Task material below:
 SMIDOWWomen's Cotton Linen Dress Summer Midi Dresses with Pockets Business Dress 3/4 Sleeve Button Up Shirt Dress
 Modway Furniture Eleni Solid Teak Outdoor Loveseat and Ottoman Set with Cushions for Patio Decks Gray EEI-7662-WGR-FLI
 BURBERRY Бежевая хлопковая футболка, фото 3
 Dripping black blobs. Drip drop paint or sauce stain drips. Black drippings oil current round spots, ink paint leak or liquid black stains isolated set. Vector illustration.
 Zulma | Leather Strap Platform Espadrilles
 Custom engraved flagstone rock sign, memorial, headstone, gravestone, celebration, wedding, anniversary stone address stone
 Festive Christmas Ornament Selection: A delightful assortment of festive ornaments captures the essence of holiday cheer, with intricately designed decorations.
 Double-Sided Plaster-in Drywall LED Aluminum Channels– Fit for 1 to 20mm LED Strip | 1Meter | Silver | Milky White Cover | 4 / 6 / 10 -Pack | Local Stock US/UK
End of Task material.
▶ **Exercise goal**: Down to the last line, restate the records exactly.

▶ **Exercise result**:
 SMIDOWWomen's Cotton Linen Dress Summer Midi Dresses with Pockets Business Dress 3/4 Sleeve Button Up Shirt Dress
 Modway Furniture Eleni Solid Teak Outdoor Loveseat and Ottoman Set with Cushions for Patio Decks Gray EEI-7662-WGR-FLI
 BURBERRY Бежевая хлопковая футболка, фото 3
 Dripping black blobs. Drip drop paint or sauce stain drips. Black drippings oil current round spots, ink paint leak or liquid black stains isolated set. Vector illustration.
 Zulma | Leather Strap Platform Espadrilles
 Custom engraved flagstone rock sign, memorial, headstone, gravestone, celebration, wedding, anniversary stone address stone
 Festive Christmas Ornament Selection: A delightful assortment of festive ornaments captures the essence of holiday cheer, with intricately designed decorations.
 Double-Sided Plaster-in Drywall LED Aluminum Channels– Fit for 1 to 20mm LED Strip | 1Meter | Silver | Milky White Cover | 4 / 6 / 10 -Pack | Local Stock US/UK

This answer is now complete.